Extracted material Start Marker
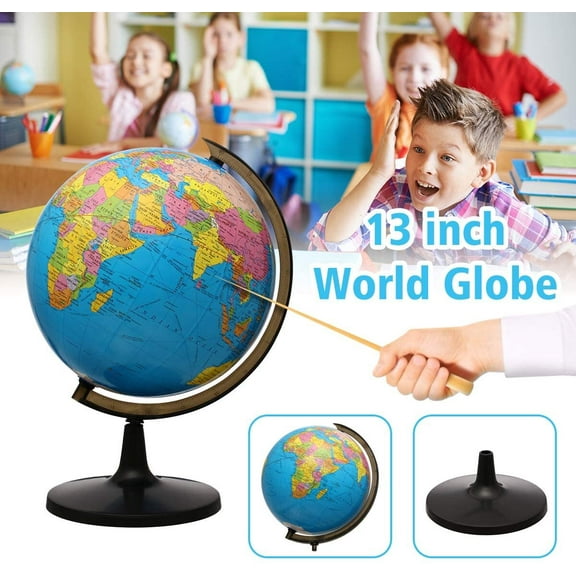 13'' World Earth Globe w/ Stand Gift Ocean Rotating World Map Desktop Geography
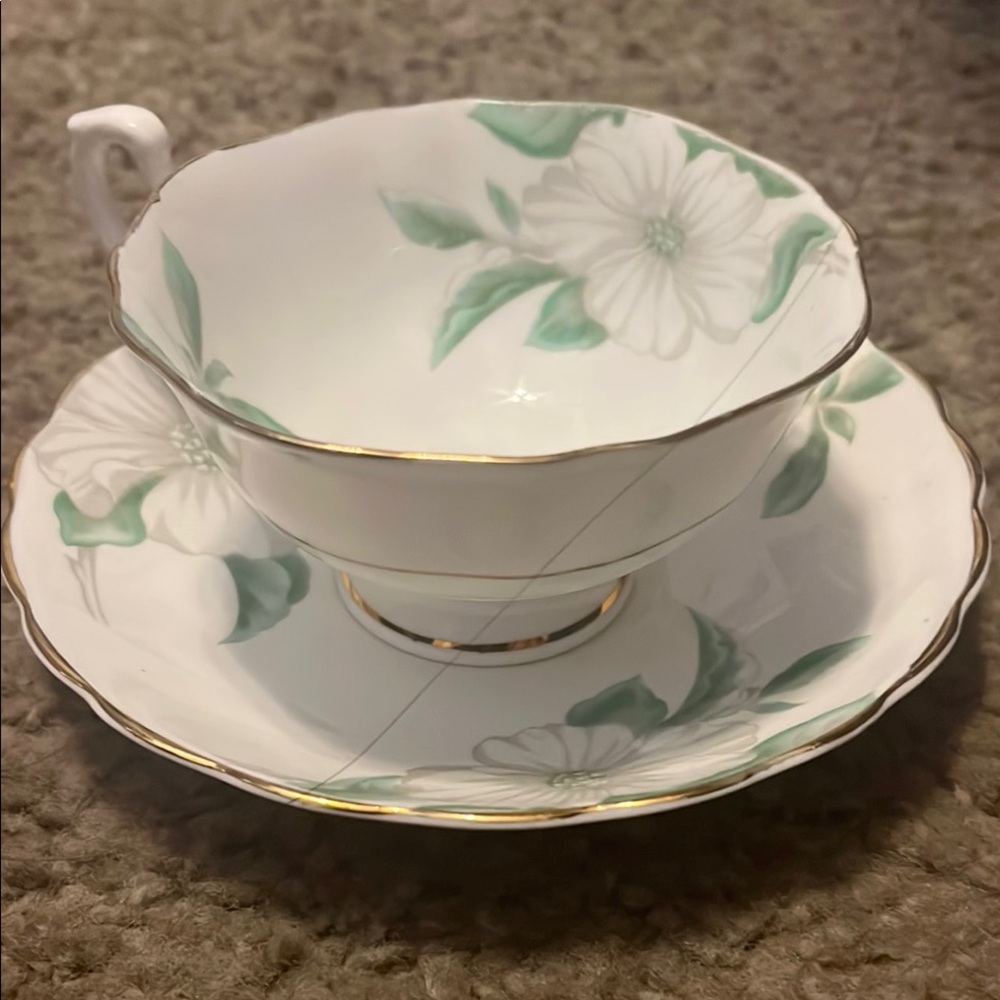 Vintage Crownford Fine Bone China Floral Teacup and Saucer Set - White and Green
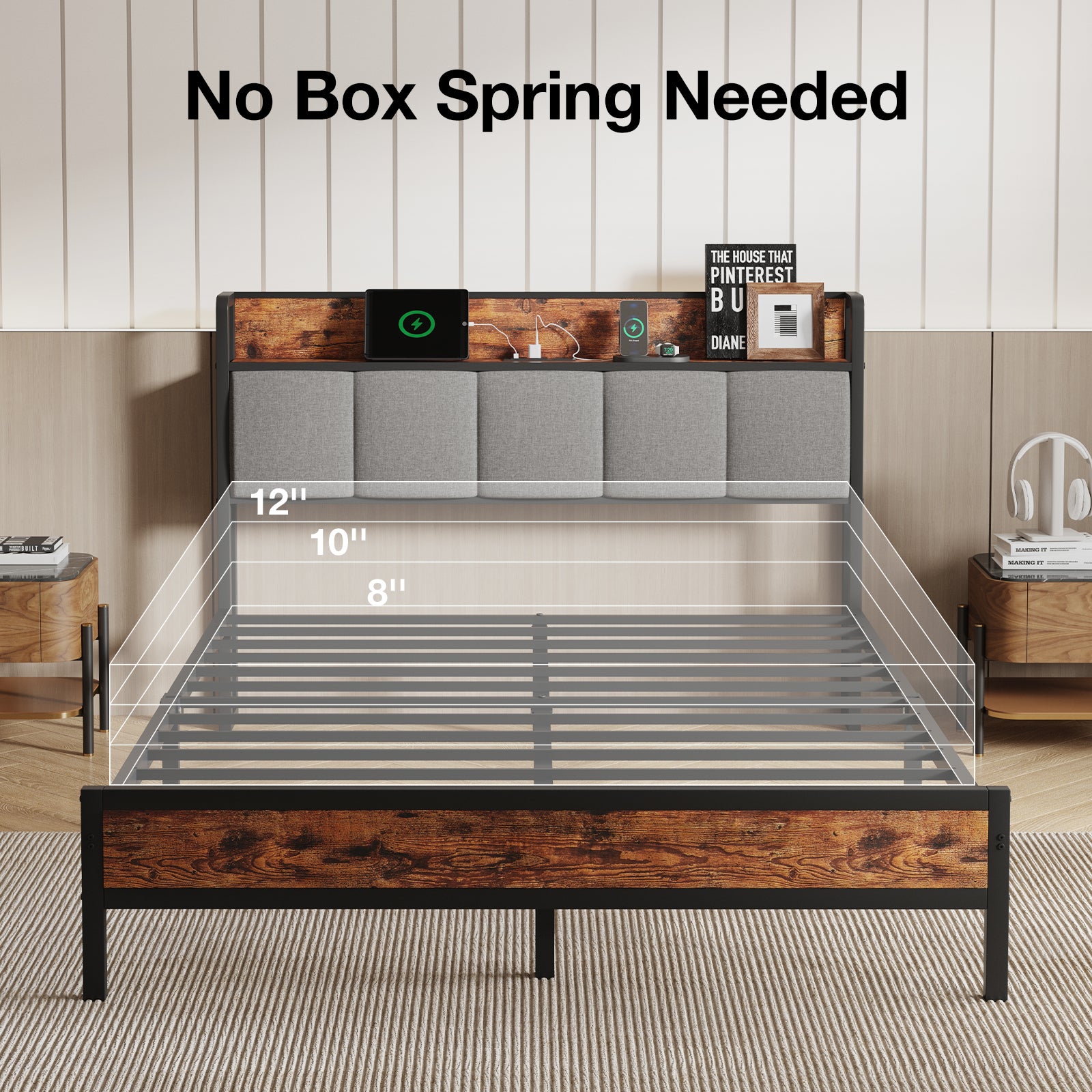 Atlas Charging Storage Bed Frame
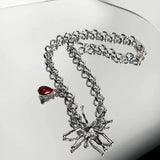 Spider Pendant Long Necklace Vintage Gothic Spider Blood Drop Clavicle Chain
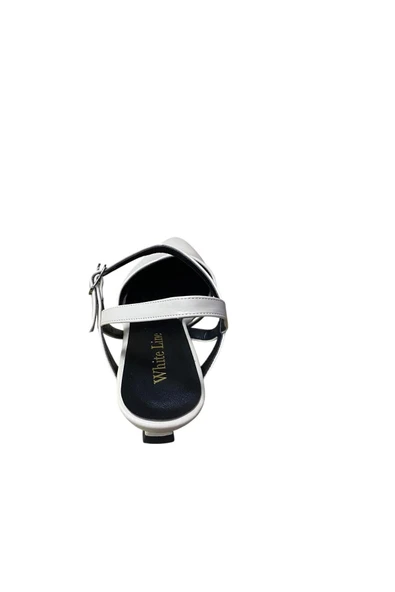 WHİTE LİNE Kadın Arkası Açık Burnu Kapalı kısa Kadeh Topuk Stiletto - Resim 5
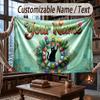 Floral Garden Theme Throw Blanket Custom Name Text Personalized Blanket Soft Cozy Blanket for Home Sofa Bed
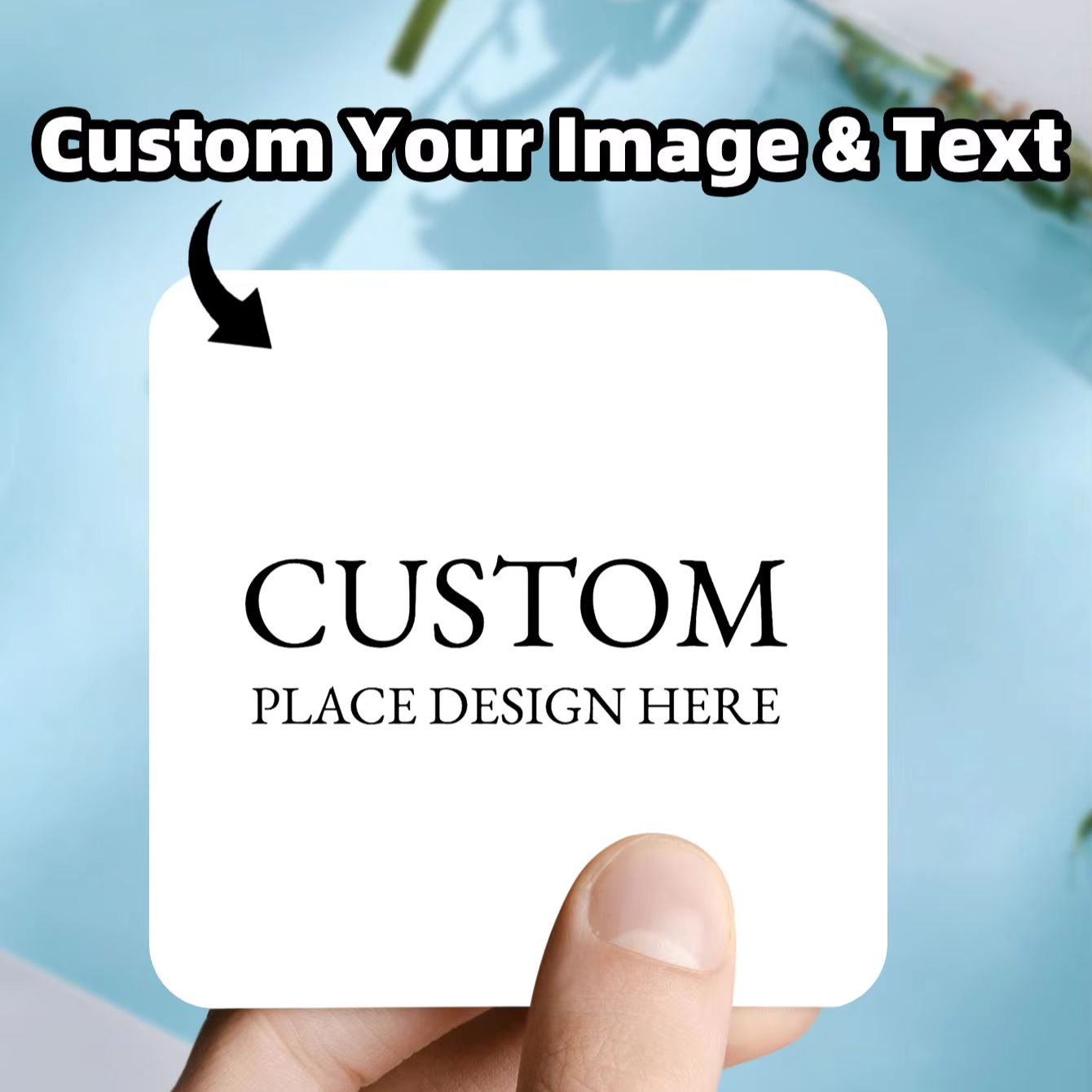 Commercial Printing Products - 1-100 piezas de pegatinas cuadradas personalizadas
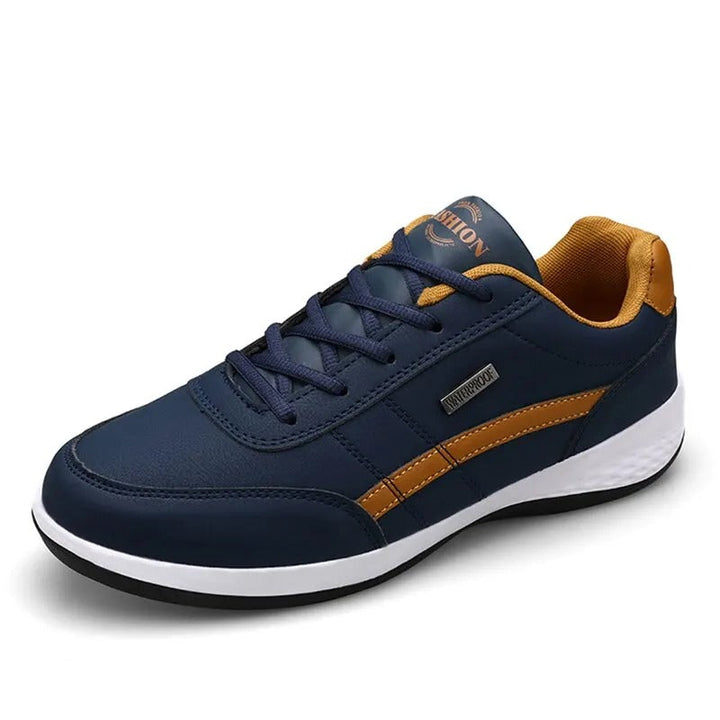 Rosette | Stylish Men's Navy Orthopedic Sneakers With Orange Accents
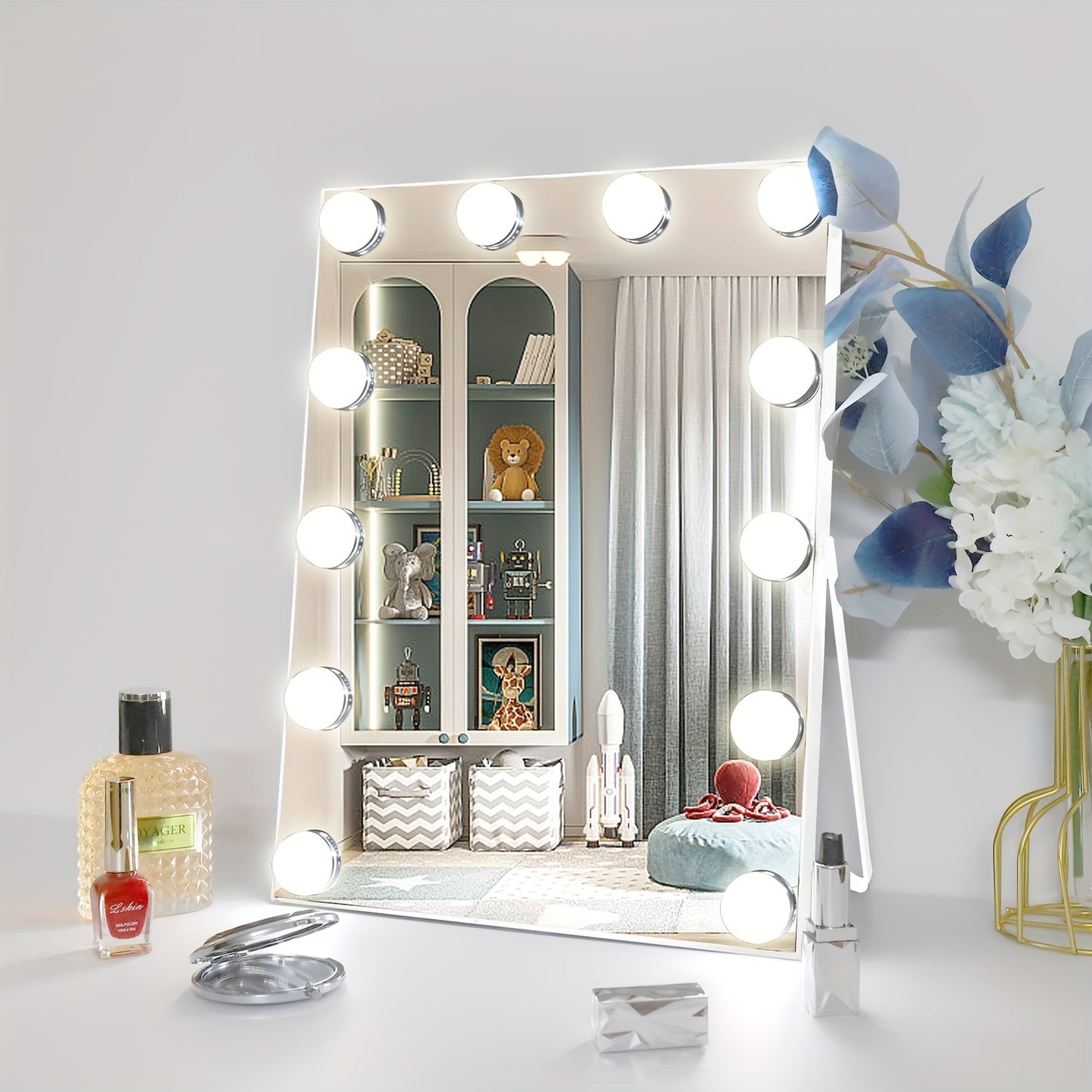 Vanity Mirror with Lights, 12"Hollywood Lighted Makeup Mirror with 3 Color Modes Touch Control for Bedroom, White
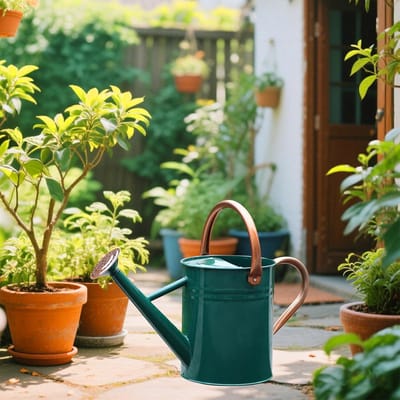 Metalen gieter 4 liter voor binnen en buiten planten met lange tuit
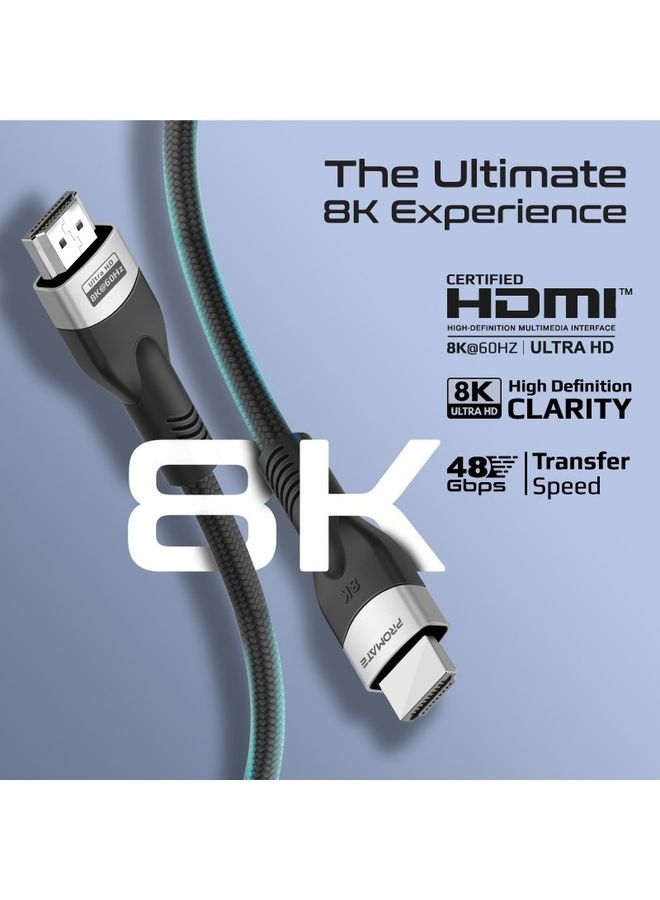 HDMI 2.1 Cable, 5m HDMI to HDMI Slim Cable with 48Gbps Bandwidth, 8K@60Hz Resolution, UHD Dynamic HDR eARC Wire for MacBook Pro, PS5, TV, Xbox, Roku, UHD TV, Blu-ray Projector, PrimeLink8K-500 Black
Extracted material End Marker
Task statement =>
From the line containing "Floral Garden Theme" down to the last line of the entries above, copy each line exactly and nothing more. Leave pictures out.

Result below =>
 Floral Garden Theme Throw Blanket Custom Name Text Personalized Blanket Soft Cozy Blanket for Home Sofa Bed
 Commercial Printing Products - 1-100 piezas de pegatinas cuadradas personalizadas
 Rosette | Stylish Men's Navy Orthopedic Sneakers With Orange Accents
 Vanity Mirror with Lights, 12"Hollywood Lighted Makeup Mirror with 3 Color Modes Touch Control for Bedroom, White
 Metalen gieter 4 liter voor binnen en buiten planten met lange tuit
 HDMI 2.1 Cable, 5m HDMI to HDMI Slim Cable with 48Gbps Bandwidth, 8K@60Hz Resolution, UHD Dynamic HDR eARC Wire for MacBook Pro, PS5, TV, Xbox, Roku, UHD TV, Blu-ray Projector, PrimeLink8K-500 Black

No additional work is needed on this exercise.